The various names this plane has gone through speak to its protracted development.  Originally conceived in the 80’s as a ground attack variant of the Su-27, and seeming to parallel the F-15’s own development into the F-15E, it was stalled by the collapse of the Soviet Union.  The airframe’s development continued very slowly through the 90’s and eventually made production in 2004.  This makes perfect sense as by that time the Russian economy was doing well thanks to high oil prices and export demand, making a happy time for defence procurement.  Economic troubles have since returned, again restricting Russian military funding: though the exact effects are not clear, we can safely assume that tight budgets do not mix well with a stated goal of military modernisation.  Modern equipment not only costs more to buy, it also needs a lot of maintenance and upgrades to stay effective.
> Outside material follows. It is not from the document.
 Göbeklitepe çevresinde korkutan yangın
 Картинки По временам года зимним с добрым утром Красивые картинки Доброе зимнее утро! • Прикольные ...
A lot has been made of the use of this aircraft over Syria, as this is deemed to show its capabilities and gain useful operational knowledge, but I am unconvinced.  It might be enough to encourage foreign sales of the jet, but for what is designed as a high-tech bomber able to penetrate defended airspace and deliver precision munitions on high value targets with pinpoint accuracy… I don’t consider dropping unguided munitions on civilians who lack air defence to be a relevant demonstration of capability, even if that is the most likely use case for many of their prospective export customers.  As sales demos go perhaps it is just a way of pushing an expensive product that can do more than the customer needs.  Though these regimes probably see expensive high-tech jets as legitimising the regime in the same way they see hosting major international sporting events.

Back to the kits

For such an iconic aircraft, it took a long time to get a 1/48 kit, though sadly that is all too often the case with Russian aircraft.  Attractive (or Soviet brutalist, which has its own attraction) designs, often with colourful schemes, interesting weathering possibilities running from factory fresh to “I guess they can fly covered in gunk then”, and yet all too often they are ignored by kit makers.  Happily the last few years have started to change that, with Trumpeter / Hobby Boss, Great Wall, AMK, Kitty Hawk and others releasing a plethora of Russian-designed aircraft.

The Su-34 was typical in that we had waited so long for a 1/48 kit and then two came along at once.  There was the Hobby Boss, which had a funny-shaped nose, was expensive, had a funny-shaped nose, lacks surface detail, and has a funny-shaped nose.  Then a few months later there came the Kitty Hawk, which had a better-shaped nose, nicer surface detail, a better-shaped nose, was cheaper, has a better-shaped nose, exhibits a lot of “classic” Kitty Hawk terrible engineering and QA, and has a better-shaped nose.

Seriously, if you missed the Great Funny-Shaped-Nose Debacle of 2016-17, just reflect that sometimes, ignorance truly is bliss.  Basically, Hobby Boss got the nose wrong: it’s a pretty straightforward fix (chop it off and stick a £5 replacement in) but of course the kit has been lambasted as “unbuildable” for it.  I love the “this isn’t worth building” guys.  They’re the reason I was able to pick up the Hobby Boss kit for about a quarter of the retail price…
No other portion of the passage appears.